Les salarié.e.s de McDonald’s manifestaient mardi 23 octobre dans les Yvelines, entre Saint-Quentin et Guyancourt jusqu’au siège de McDo France. Ils réclament de meilleures conditions de travail, les respect des libertés syndicales, une augmentation des salaires, la fin du temps partiel imposé mais aussi l’arrêt de l’évasion fiscale pratiquée par la marque. À Marseille la justice, saisie par les salarié.e.s qui dénoncent un plan social déguisé, doit se prononcer le 29 novembre sur la validité du projet de cession de six restaurants franchisés. Cinq des restaurants sont déjà passés sous la direction d’un nouveau franchisé. Quant à celui de Saint-Barthélémy (77 salariés), son sort est encore en suspens. Attac Marseille soutient depuis le début la lutte de les salarié.es pour leurs droits et pour leurs emplois.

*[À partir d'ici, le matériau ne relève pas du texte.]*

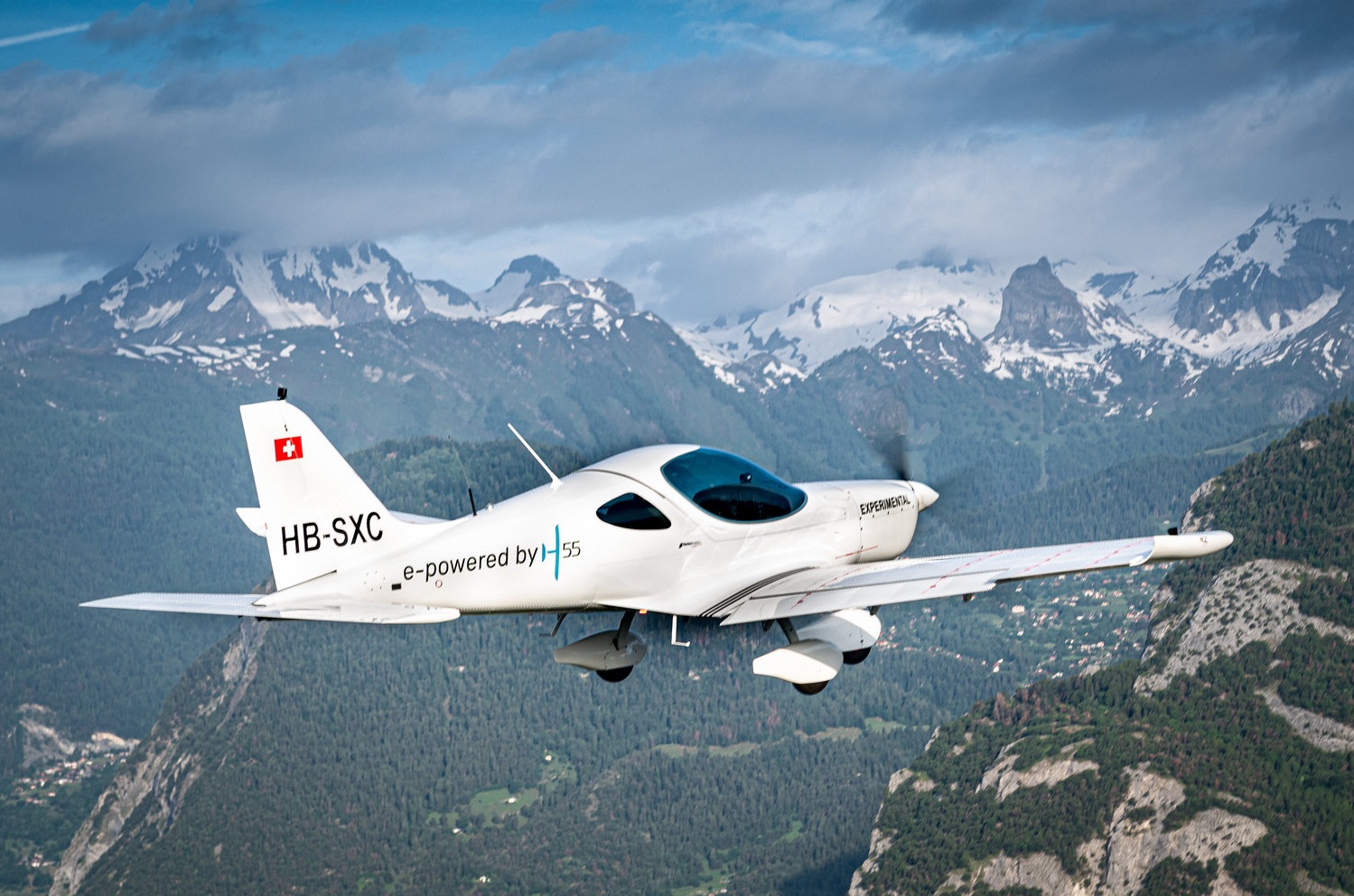 20 millions de francs pour l'avion électrique développé en Valais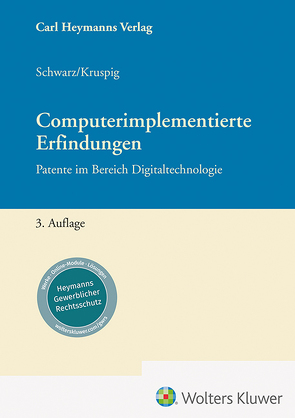 Computerimplementierte Erfindungen von Kruspig,  Sabine, Schwarz,  Claudia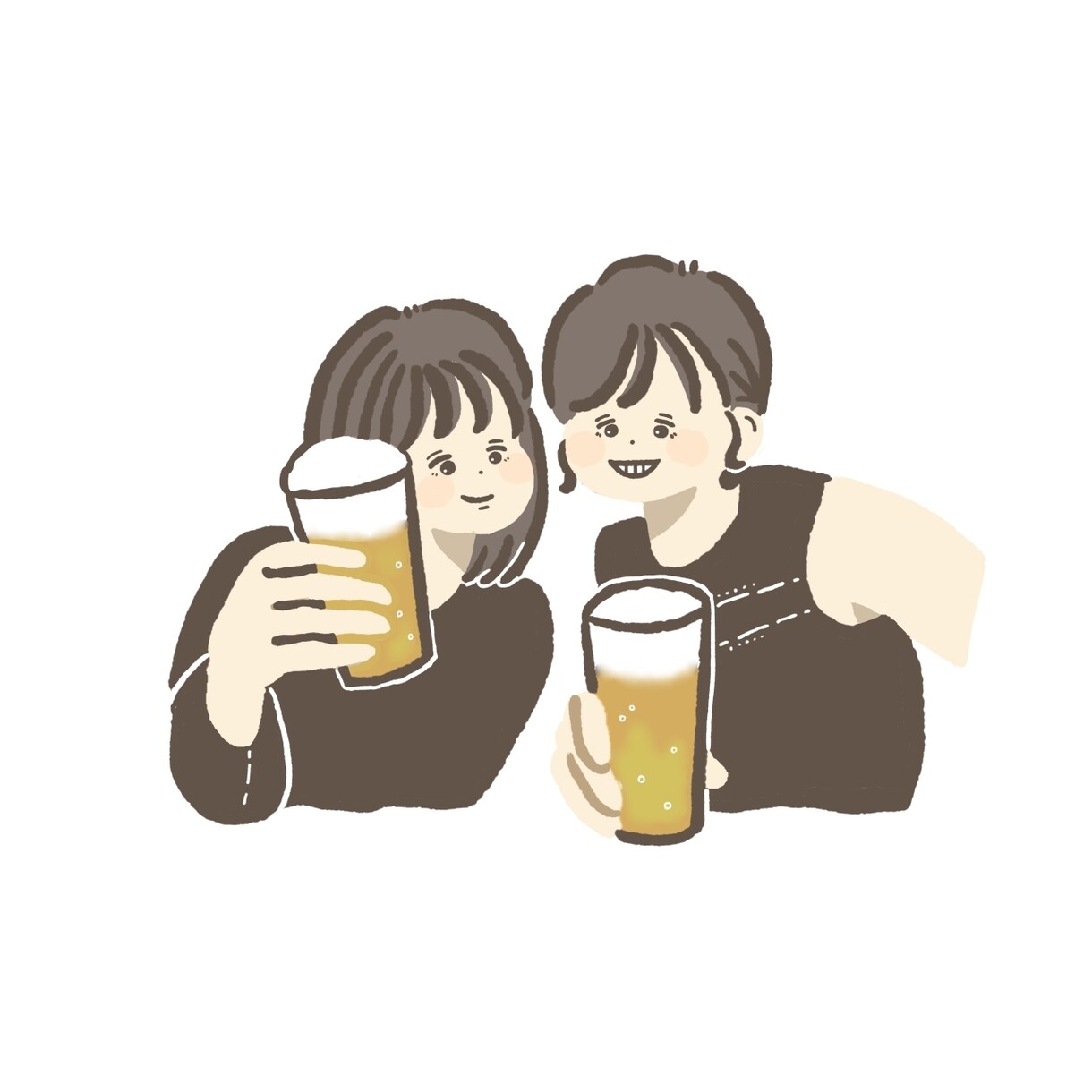 記念に残したいお気に入りの写真をイラストにします SNSのアイコンや待ち受け、結婚式のアイテムにも使える！ イメージ8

Qui sait que la multinationale McDo avec ses 37 241 restaurants gagne bien plus d’argent grâce aux loyers qu’elle encaisse que de la vente de la nourriture qu’elle propose ?

Pour la première fois, McDo tirera en 2018 plus de chiffre d’affaires de ses rentes immobilières que de ses sandwichs. Cette financiarisation du groupe permet toujours plus d’évasion fiscale et a de lourdes conséquences sur les salariés. L’évolution du modèle économique de McDonald’s s’est accélérée ces dernières années avec comme maître mot la recherche de toujours plus de rentabilité.

Alors comment fonctionne le système McDo ?

De façon tout à fait légale, le groupe achète des terrains constructibles, y bâtit des restaurants qu’il propose en location-gérance à ce qu’on appelle des franchisés. Les franchisés reversent en moyenne 20 % de leur chiffre d’affaires à la maison mère, auquel il faut ajouter 5 % de droit d’utilisation des logos, publicités, noms de sandwich et autres, au titre de la propriété intellectuelle. Ces rentes rapportent près de 9 milliards d’euros par an à McDo, quasiment sans frais. Alors que le groupe gagne « seulement » un peu plus de 2 milliards d’euros sur la vente de hamburgers, si on en enlève les « coûts opérationnels », salaires en tête, on comprend mieux pourquoi la multinationale ne possède plus qu’à peine 10 % des restaurants en propre. Et il entend encore en passer la moitié en location-gérance. L’avantage pour McDonald’s est que ce modèle économique est facilement extensible à l’international et que le groupe détient une rente immobilière quasiment à vie sur ses franchisés puisque les contrats de location sont en général de vingt ans. C’est ainsi que si le chiffre d’affaires de la multinationale baisse d’année en année, à force de tout franchiser, les revenus, eux, augmentent. Depuis bientôt deux ans que cette stratégie s’est accélérée, l’augmentation des bénéfices se calcule à deux chiffres chaque trimestre et les dividendes explosent : 6,8 milliards d’euros ont ainsi été distribués en 2017 aux actionnaires. À l’inverse, le nombre de salariés employés directement par la multinationale a chuté de près de la moitié en six ans pour s’établir à 235 000. La faute au passage des restaurants en location-gérance. En comptant ces franchises, le nombre de travailleurs reste à peu près stable, autour de 2 millions.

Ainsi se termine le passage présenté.